From the first line to the last, transcribe the data exactly and skip the pictures.

* [Given material]:
--- START ---
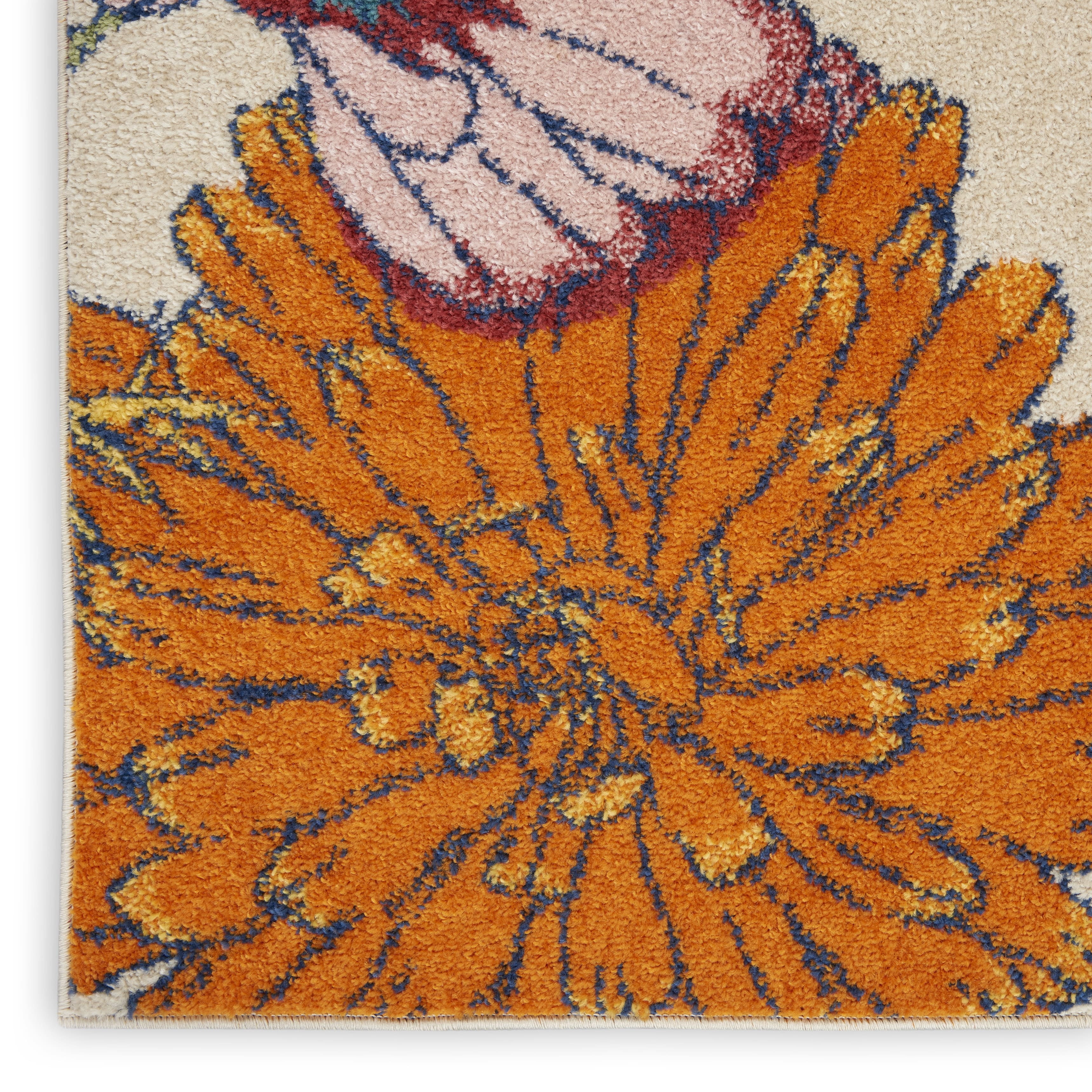 Nourison Allur Modern Floral Ivory Multicolor 5'3" x 7'3" Area Rug, (5' x 7')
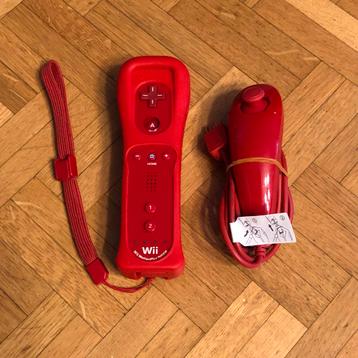 Nintendo Wii Controller Motion Plus Inside + Nunchuck Rood beschikbaar voor biedingen
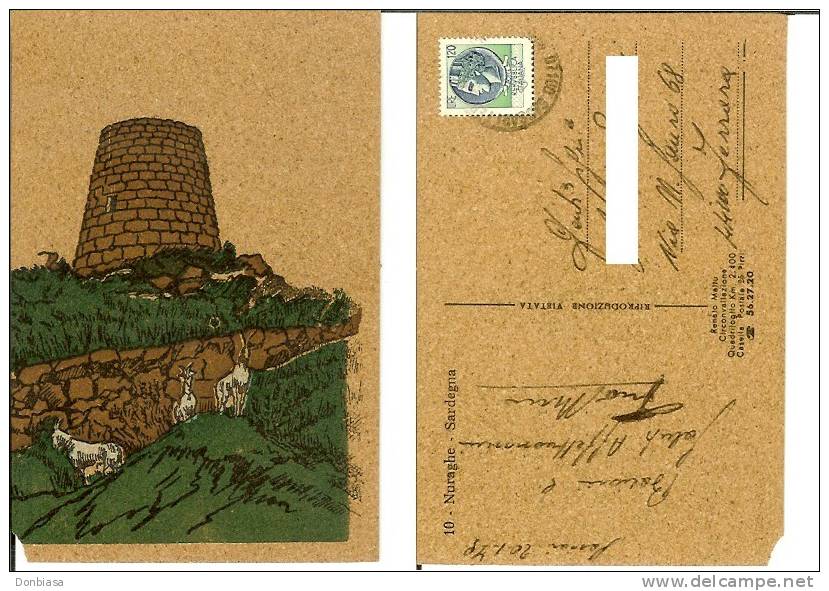 Nuraghe (Sardegna). Cartolina In Sughero Viaggiata 1979 (Renato Mattu Circonvallazione Quadrifoglio Pirri Cagliari Capre - Altri & Non Classificati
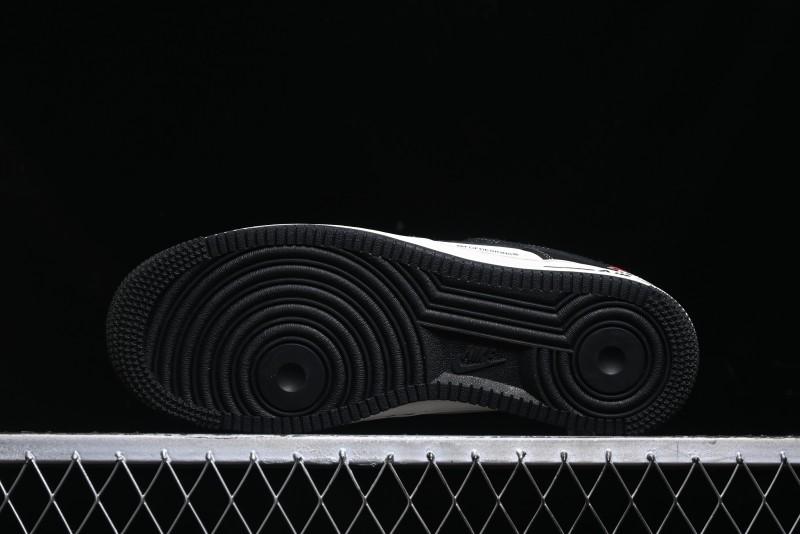 Nike Air Force 1 '07 Low Stussy Collaboration - Black White Double Swoosh Red Tag Low-Top Casual Sneakers - SJ6698-012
--- END ---
* [Solved exercise]:
 Nourison Allur Modern Floral Ivory Multicolor 5'3" x 7'3" Area Rug, (5' x 7')
 Nintendo Wii Controller Motion Plus Inside + Nunchuck Rood beschikbaar voor biedingen
 Nuraghe (Sardegna). Cartolina In Sughero Viaggiata 1979 (Renato Mattu Circonvallazione Quadrifoglio Pirri Cagliari Capre - Altri & Non Classificati
 Nike Air Force 1 '07 Low Stussy Collaboration - Black White Double Swoosh Red Tag Low-Top Casual Sneakers - SJ6698-012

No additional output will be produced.